Tom and I are out of holiday, we’ve got two big ticket events happening in October and December which means we’ve maxed out our annual leave. This means that in true ‘Weekend Tourist’ style, the bank holidays have become very important. During Whitsun week, we visited friends who have relocated to Edinburgh six months ago and very kindly acted as personal tour guides for the weekend.
Stop off: Penrith, Lake District
We drove up on the Friday night after work, stopping off at Penrith in the Lake District on the way. It’s an almighty six-hour drive to Edinburgh and in after work traffic, we were grateful that we’d broken up the journey. We stayed at the Lounge Hotel in the town centre and were glad to get some shut eye. It was a lovely boutique hotel with super friendly and helpful staff and its hearty Cumbrian sausage, English breakfast would step up any tourist for exploring the Lakes.

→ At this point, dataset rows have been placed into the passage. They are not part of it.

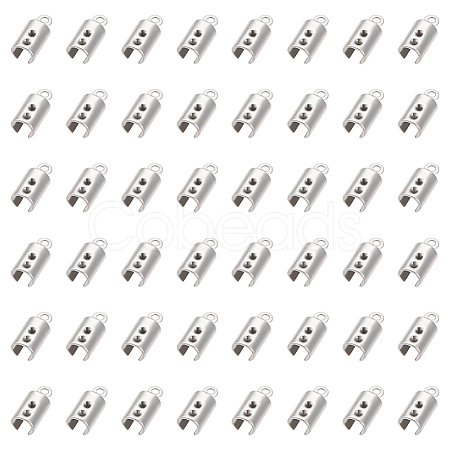 304 Stainless Steel Cord Ends STAS-UN0009-36P-1
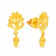Malabar Gold Earring EG581118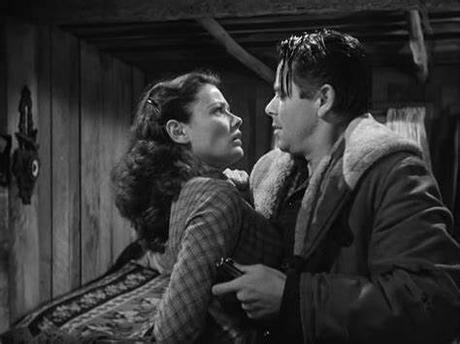 EL SECRETO DE CONVICT LAKE - Michael Gordon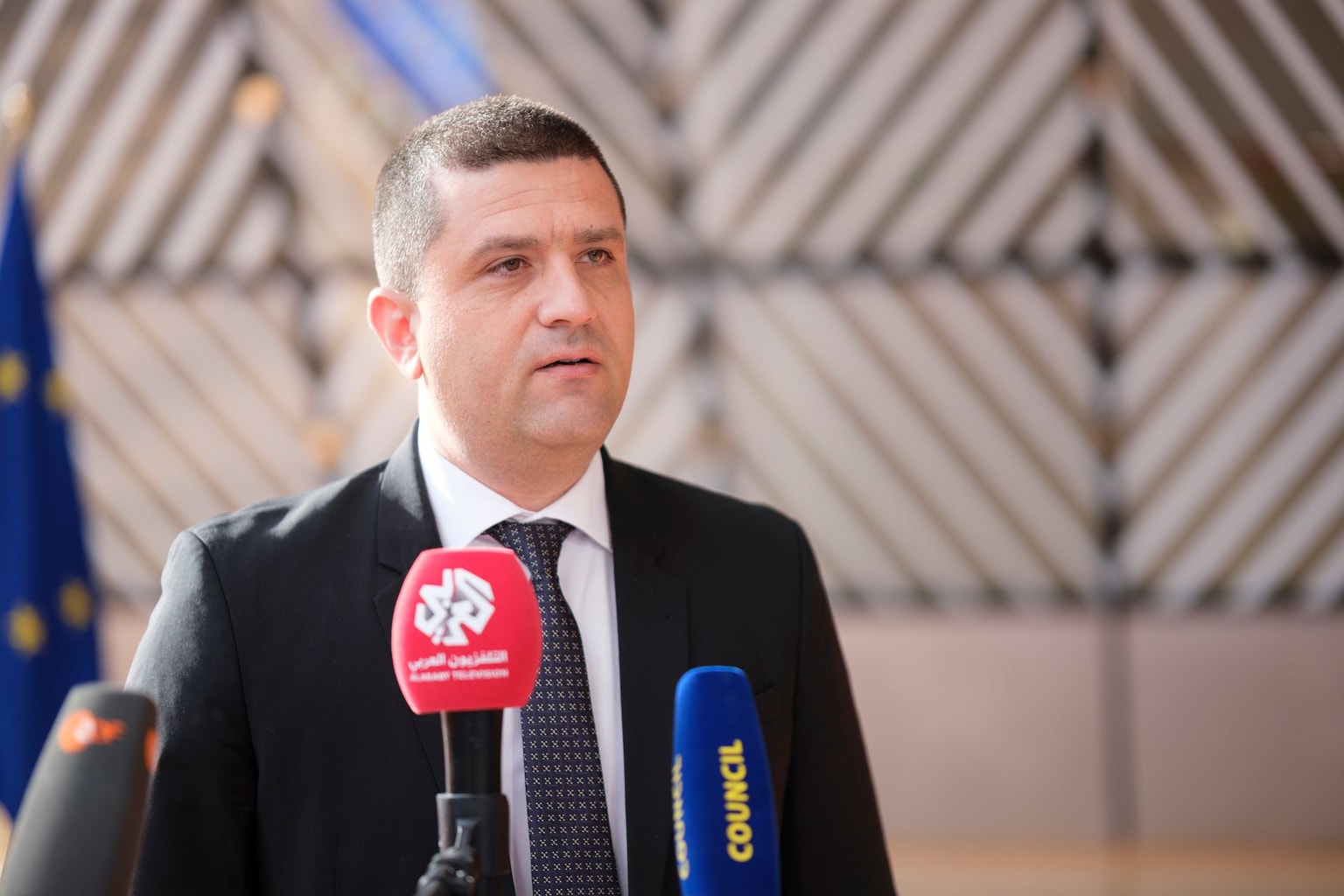 Romania wants Ukrainian naval drones to self-detonate when nearing its territorial waters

Penrith is a quaint market town, its square surrounded with some independent shops with their Victorian shop fronts. Before heading off, we walked up to the ruins of the medieval Penrith Castle – built by Richard Neville, Earl of Salisbury to help defend the English border from the Scots. In its history, the castle was also inherited by Richard, Duke of Gloucester who was Sheriff of Cumbria and resided at the castle, before he was crowned King Richard III.
On to Edinburgh
I’ve only ever been to Edinburgh once and that was during the Edinburgh Fringe, and I don’t think Tom’s ever crossed the northern border. So we were both looking forward to seeing a different side of the Scottish capital. Our friends live in Edinburgh’s ironically-named ‘New Town’, which is actually not so new, being one the world’s most complete and unspoilt examples of Georgian architecture and town planning. Alongside Old Town, (where the Castle sits at the top) it was declared a Unesco World Heritage Site in 1995.

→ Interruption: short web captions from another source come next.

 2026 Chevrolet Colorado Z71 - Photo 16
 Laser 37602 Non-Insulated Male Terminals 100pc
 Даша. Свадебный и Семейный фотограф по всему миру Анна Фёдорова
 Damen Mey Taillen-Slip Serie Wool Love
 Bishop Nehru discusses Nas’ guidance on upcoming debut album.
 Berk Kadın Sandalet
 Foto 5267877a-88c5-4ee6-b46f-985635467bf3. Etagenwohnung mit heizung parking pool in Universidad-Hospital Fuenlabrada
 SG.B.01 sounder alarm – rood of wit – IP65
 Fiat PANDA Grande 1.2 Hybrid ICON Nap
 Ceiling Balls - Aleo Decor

After exploring New Town on Saturday, we ambled around Stockbridge on Sunday. It is a bohemian enclave north of the city centre with hipster-esque bars, continental bistros and upmarket cheese delis – much to Tom’s delight. It was originally a mill village and developed in the early 19th century on lands owned by the painter Sir Henry Raeburn; the area still resonates that early artistic vibe.
Royal Botanic Gardens
Of course, marrying a gardener, no Edinburgh trip would be complete without taking this opportunity to visit the Royal Botanic Gardens. After Oxford, Edinburgh’s Royal Botanic Gardens are the second oldest in Britain, founded in Holyrood in 1670 and moved to its current spot in 1823 with 70 landscaped acres. Having seen their rhododendron collection, I’m determined to get some in the garden (if it’s allowed in Tom’s colour scheme of course!)

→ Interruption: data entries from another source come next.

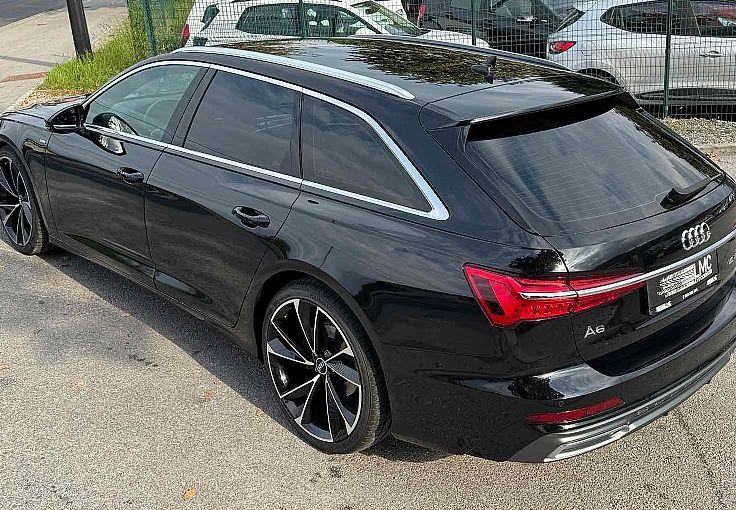 Zunanja slika - Audi A6 - Avant 40 TDI 204ks °S-LINE° °MATRIX° 21-COL° - 7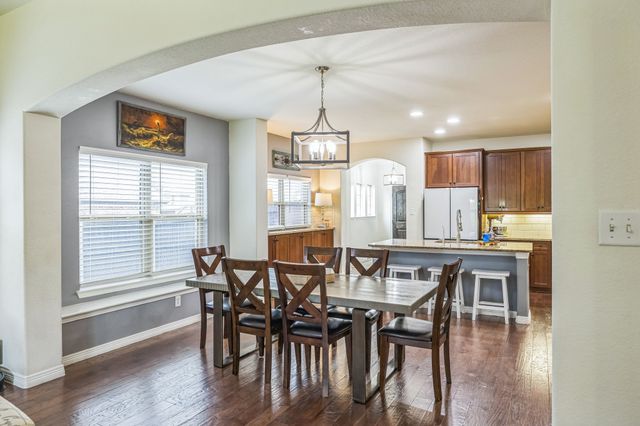 420 Florence Drive, Fate, TX 75087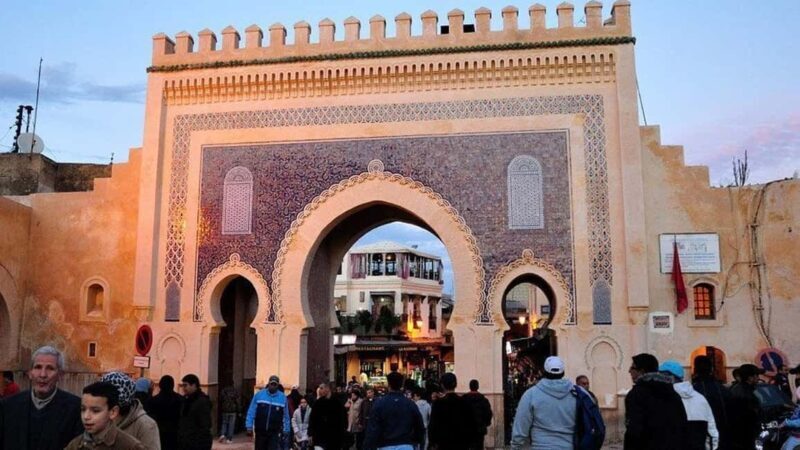 Fes : old medina guided walking tour - Authentic Experiences and Real Perspectives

The gardens are free to enter, but a small fee gives you entrance to the 25 glasshouses which house a huge collection of tropical plants. Clearly, pride of place goes to the Victorian palm house built in 1834 and includes a species of Bermudan palmetto which is nearly 200 years old. The Front Range of 1960s designer glasshouses is famous for the large tropical pond filled with giant Amazonian water lilies.
Water of Leith Walkway
We were lucky to be in Stockbridge on a Sunday for the popular market – set in leafy square next to the bridge which gives the area its name. Stalls range from homemade crafts to taste bud tingling food traders. I really struggled to choose, plumping for a ‘naanwich’ and an iced coffee from the bearded baristas.
From here we headed down the Water of Leith. Edinburgh’s river is a modest stream only 20 miles from northwestern slopes of Pentland Hills eventually entering the Forth of Firth at Leith. As my trusty Lonely Planet says ‘it does cut a surprisingly rural swath through the city, providing an important wildlife habitat.’ It’s a small piece of calm amongst the urban Georgian landscape. We strolled along its wooded riverbanks towards Dean Village, taking the Water of Leith Walkway.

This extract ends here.